Indexing and Searching with Apache Lucene 4.7 with Example

This article is about Indexing and Searching documents with Apache Lucene version 4.7. Before jumping to example and explanation, let's see what Apache Lucene is.

Introduction to Apache Lucene

Lucene is a high-performance, scalable information retrieval (IR) library. IR refers to the process of searching for documents, information within documents, or metadata about documents. Lucene lets you add searching capabilities to your application. [ref. Apache Lucene in Action Second edition covers Apache Lucene v3.0]

The main reason for popularity of Lucene is its simplicity. You don't require in-depth knowledge of indexing and searching process to get started with Lucene. You can start with learning handful of classes which actually do the indexing and searching for Lucene. The latest version released is 4.7 and books are only available for v3.0.

Important note

Lucene is not ready-to-use application like file-search program, web-crawler or search engine. It is a software toolkit or library and with the help of it you can build your own search application or libraries. There are many frameworks build on top of Lucene Core API for searching.

Libraries and Environment used
  • Eclipse Kepler
  • JDK 1.7
  • lucene-core-4.7.2.jar
  • lucene-queryparser-4.7.2.jar
  • lucene-demo-4.7.2.jar
  • lucene-analyzers-common-4.7.2.jar

Indexing with Lucene

Let's jump to indexing process in Lucene with example and then we will explain the classes that are used and their purpose.
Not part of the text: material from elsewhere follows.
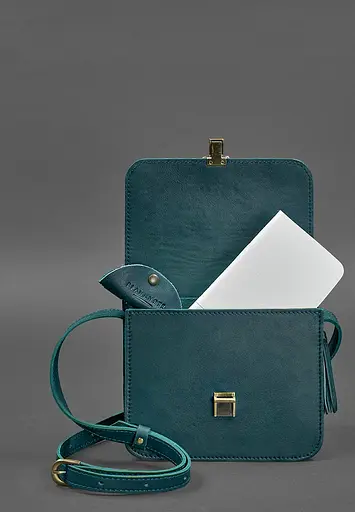 Шкіряна жіноча бохо-сумка Лілу зелена - фото 3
1. IndexerTest is class used to show the demo.

package lucene.indexer;

import java.io.File;
import java.io.FileFilter;

/**
 * @author Gaurav Rai Mazra
 */
public class IndexerTest {
 
 public static void main(String[] args) throws Exception {
  String indexDir = "index";
  String dataDir = "dir";
  
  long start = System.currentTimeMillis();
  final IndexingHelper indexHelper = new IndexingHelper(indexDir);
  int numIndexed;
 
  try {
   numIndexed = indexHelper.index(dataDir, new TextFilesFilter());
  }
  finally {
   indexHelper.close();
  }
  
  long end = System.currentTimeMillis();
  System.out.println("Indexing " + numIndexed + " files took " + (end - start) + " milliseconds");
 }
}

// class filters only .txt files for indexing
class TextFilesFilter implements FileFilter {
 @Override
 public boolean accept(File pathname) {
  return pathname.getName().toLowerCase().endsWith(".txt");
 }
}

2. IndexingHelper class is used to represent how to do the indexing.

package lucene.indexer;

import java.io.File;
import java.io.FileFilter;
import java.io.FileReader;
import java.io.IOException;

import org.apache.lucene.analysis.standard.StandardAnalyzer;
import org.apache.lucene.document.Document;
import org.apache.lucene.document.Field;
import org.apache.lucene.document.StringField;
import org.apache.lucene.document.TextField;
import org.apache.lucene.index.IndexWriter;
import org.apache.lucene.index.IndexWriterConfig;
import org.apache.lucene.store.Directory;
import org.apache.lucene.store.FSDirectory;
import org.apache.lucene.util.Version;

/**
 * @author Gaurav Rai Mazra
 */
public class IndexingHelper {
 //class which actually creates and maintain the indexes in the file
 private IndexWriter indexWriter;
 
 public IndexingHelper(String indexDir) throws Exception {
  //To represent actual directory
  Directory directory = FSDirectory.open(new File(indexDir));
  //Holds configuration required in creation of IndexWriter object
  IndexWriterConfig indexWriterConfig = new IndexWriterConfig(Version.LUCENE_47, new StandardAnalyzer(Version.LUCENE_47));
  indexWriter = new IndexWriter(directory, indexWriterConfig);
 }
 
 public void close() throws IOException {
  indexWriter.close();
 }
 
 // exposed method to index files 
 public int index(String dataDir, FileFilter fileFilter) throws Exception {
  File[] files = new File(dataDir).listFiles();
  for (File f : files)
  {
   if (!f.isDirectory() && !f.isHidden() && f.exists() && f.canRead() && (fileFilter == null || fileFilter.accept(f)))
    indexFile(f);
  } 
  
  return indexWriter.numDocs();
 }
 
 private void indexFile(File f) throws Exception {
  System.out.println("  " + f.getCanonicalPath());
  Document doc = getDocument(f);
  indexWriter.addDocument(doc);
 }

 private Document getDocument(File f) throws Exception {
  // class used by lucene indexwriter and indexreader to store and reterive indexed data
  Document document = new Document();
  document.add(new TextField("contents", new FileReader(f)));
  document.add(new StringField("filename", f.getName(), Field.Store.YES));
  document.add(new StringField("fullpath", f.getCanonicalPath(), Field.Store.YES));
  return document;
 }
}

In IndexingHelper class, we have used following classes of Lucene library for indexing .txt files.

  • IndexWriter class.
  • IndexWriterConfig class.
  • Directory class.
  • FSDirectory class.
  • Document class.

Explanation

1. IndexWriter: It is the centeral component of indexing process. This class actually creates new Index or opens the existing one and add, remove and update the document in the index. It has one public constructor which takes Directory class's object and IndexWriterConfig class's object as parameters.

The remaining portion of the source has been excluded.